Thursday, March 4, 2010

Daily Practice 63/365

 
Title: "The Golden Mean"
(click to view larger)

Ruth Bernhard talks in her (auto)biography without any sense of  irony of the fact that shortly after she had to stop making photographs in 1976, she started to get some significant recognition of her contributions to photography, along with a number of other women photographers. She goes on to talk about a winter term in 1982 that she spent with Lotte Jacobi and Barbara Morgan at Northwestern University in Illinois. They visited various classes to talk about art, seeing, photography and by the end of term had gathered quite a following of devotees - they used to have quite the entourage whenever they walked across campus.

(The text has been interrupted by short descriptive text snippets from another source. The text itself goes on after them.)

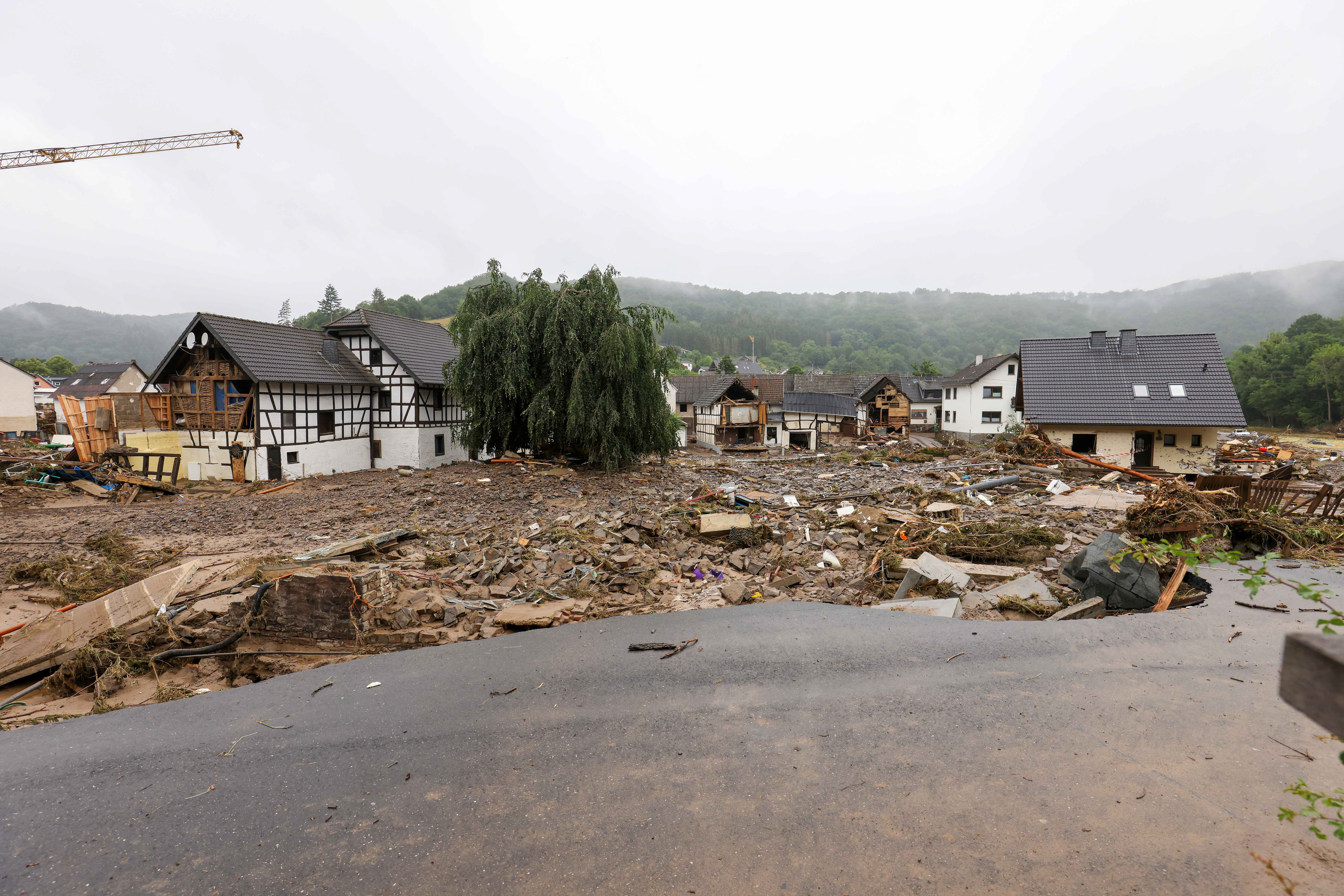 153 قتيلا في الفيضانات في أوروبا بينهم 133 في ألمانيا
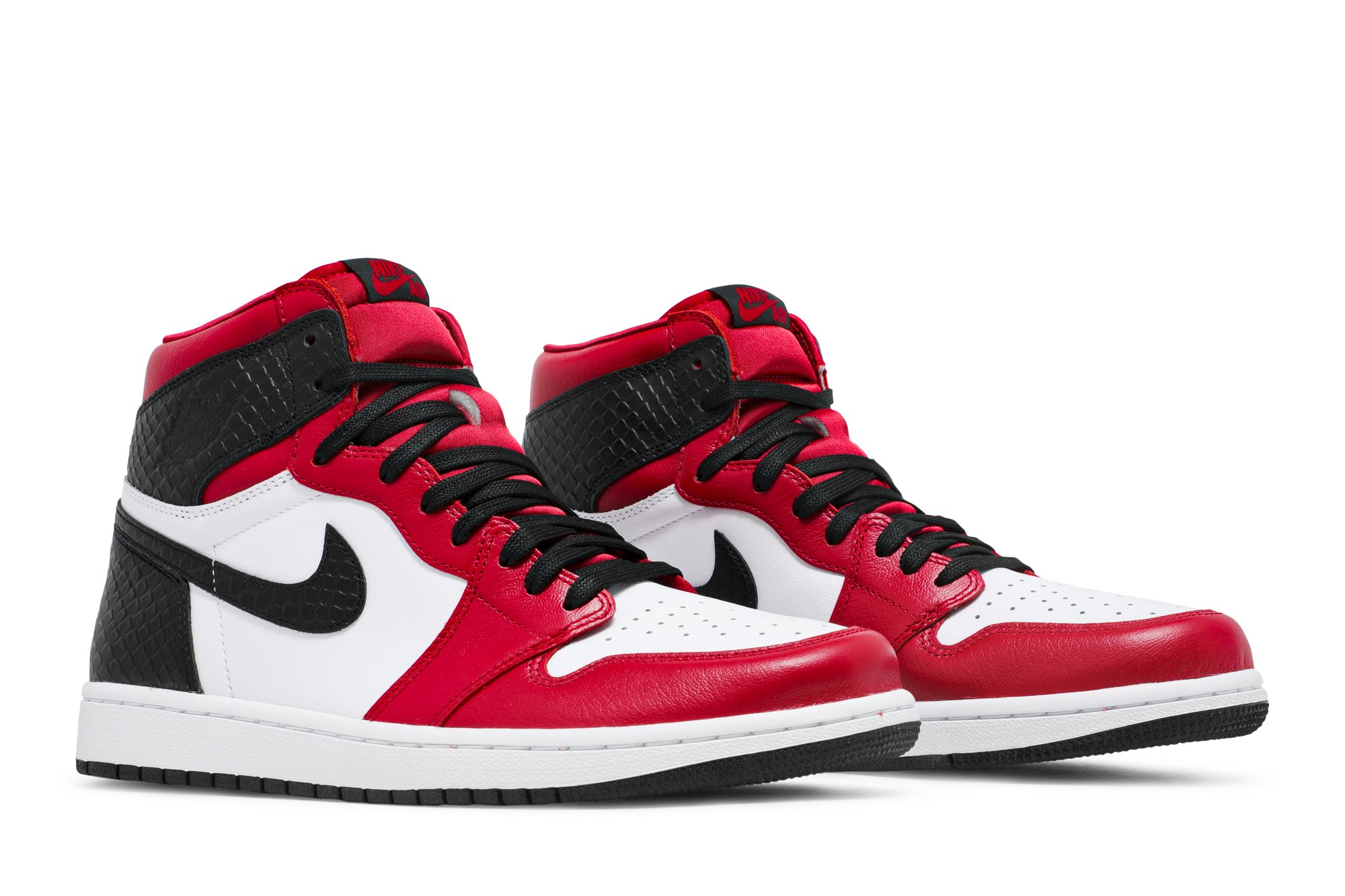 Wmns Air Jordan 1 Retro High Og Satin Rouge Suisse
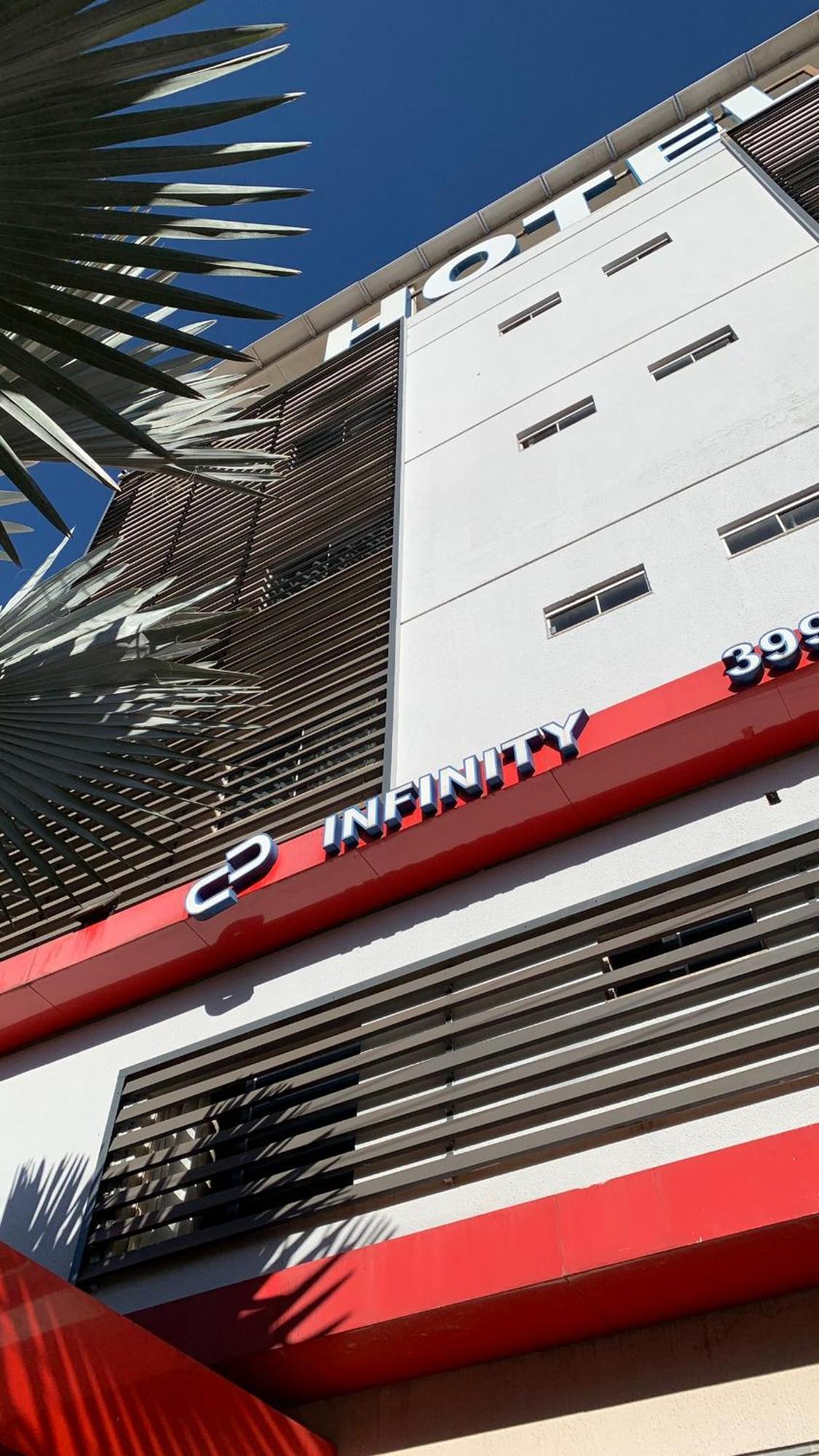 Infinity Hotel ゴイアニア エクステリア 写真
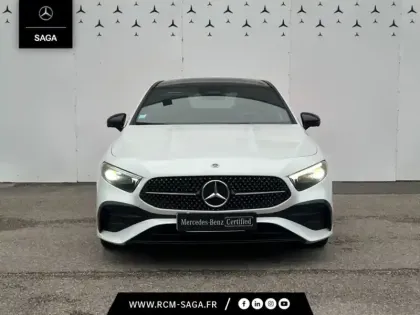 Photo 6 Mercedes Classe A 180 d Berline AMG Line / V1771 C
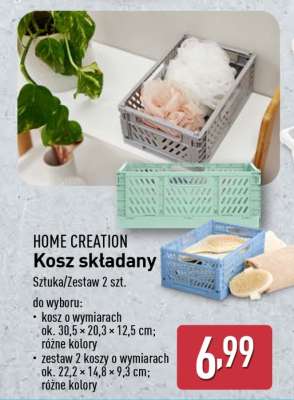 HOME CREATION Kosz składany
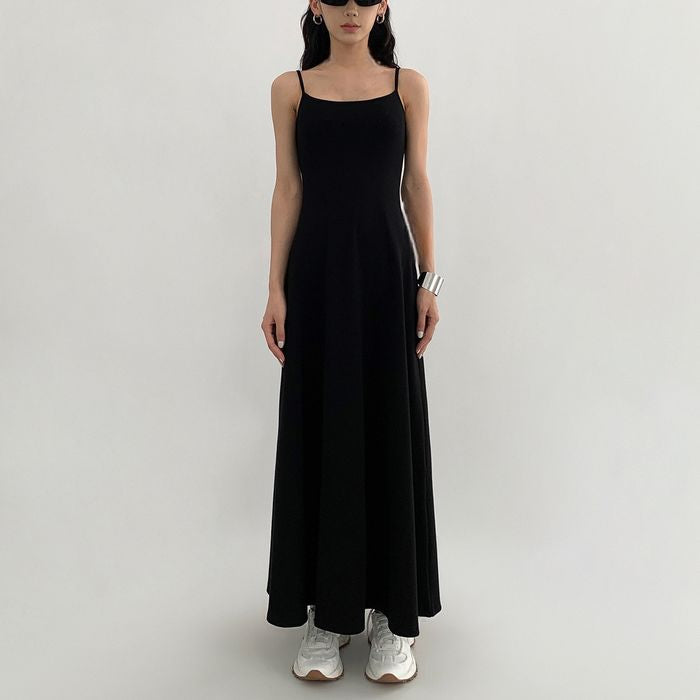 マキシ キャミソールワンピース 10043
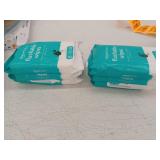 Amazon Basics Flushable Adult Toilet Wipes, Fragrance Free, 42 Count (Pack of 3) - Lot of 2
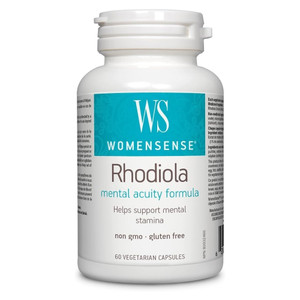 WomenSense Rhodiola Mental Acuity Formula | 60 Capsules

I marveled at that sense of "small world" while reading the story. In 1982 we were working and studying at the University of Illinois in Champaign-Urbana, just a few hours south of Northwestern University. I must confess at that time I knew nothing of Ruth Bernhard, Lotte Jacobi or Barbara Morgan. But during a visit to the Art Gallery of Ontario, I was quite taken by images made by both Jacobi and Morgan that were on exhibit, and subsequently acquired a small book of photos each had made. Ruth Bernhard is someone whose work I've just become acquainted with quite recently. So in the wonderful fantasy time-shifted reality of the imagination, I was struck by how close I had been in 1982 to perhaps meeting these three photographers, or seeing their work, as I read this story in the Bernhard biography.

Jacobi made a lovely series of photograms she called photogenic drawings. I wanted to make an image tonight along those lines, but instead it seems I challenged the surrealist work of Man Ray and "rayograms".